Human rights are something that everyone deserves. Unfortunately, in various parts of the world, basic human rights are denied. That is why it is important to defend the rights of those who cannot speak for themselves. Two pieces of literature that demonstrate how people should defend themselves are The Hangman, a poem by Maurice Ogden and The Lottery, a short story by Shirley Jackson.
In The Lottery, a small town somewhere in the country gathers on a warm, early-summer morning to carry out their annual lottery. Selection takes place with the head of each family selecting a piece of paper. The winning family shall then have each member select their own piece of paper with whomever pulls the black dot the winner. In this piece told in the third person, the Hutchinson family wins and each member must then select their own piece of paper. One Tessie Hutchinson becomes increasingly alarmed as the selection is narrowed down to her family with herself being declared the winner.

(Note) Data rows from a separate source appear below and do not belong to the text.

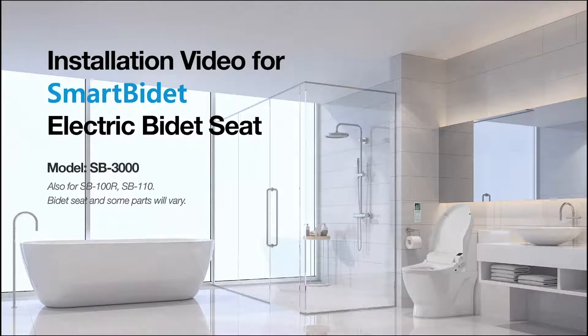Hello, welcome to the installation video for Smart Bidet Electric Bidet Seat, model SB-3000. These steps also work for SB-100R and SB-110.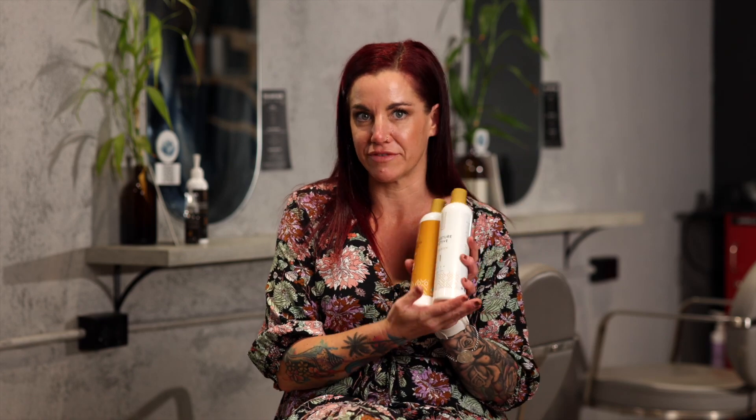I'm going to start with the Moisture Active Cleanser in the Milk. It's paraben-free, sulfate-free, animal-friendly, not tested on animals, and it's also vegan.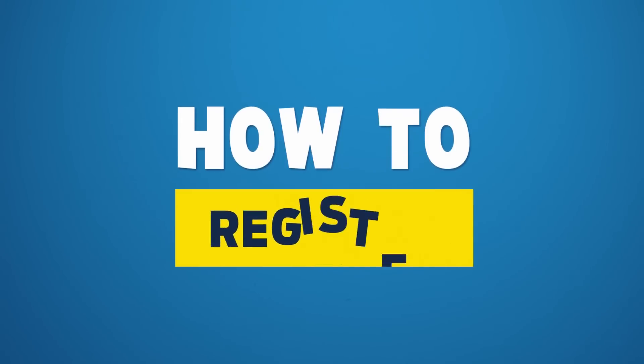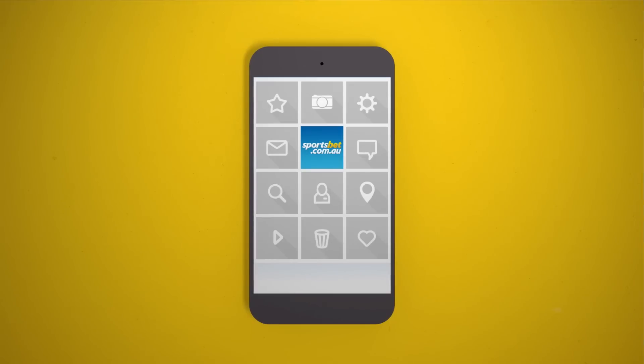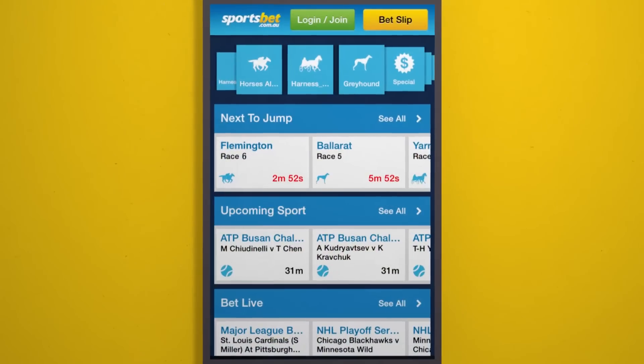G'day, space monkeys. So you want to register with Sportsbet? Good idea, because we're the best. Simply whip out your snazzy, unbendable smartphone, then head to sportsbet.com.au.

She had repeatingly made excuses and had tried to have the process restarted. One does not understand why she is alarmed as the fate of the Lottery winner is not known until the first stone strikes her, though the tone grows darker as she gets closer to her fate. The story eerily contrasts the modern, typical details of the villager's lives with the barbarity of the lottery ritual, human sacrifice in the belief it will result in a good crop season. For example,Mrs. Hutchinson is washing dishes before coming to the ritual, and the Lottery head is described as wearing blue jeans. This story is remarkably similar in concept to The Hangman.
The Hangman begins in first-person narrative with a collective voice throughtout, detailing the arrival of the Hangman to...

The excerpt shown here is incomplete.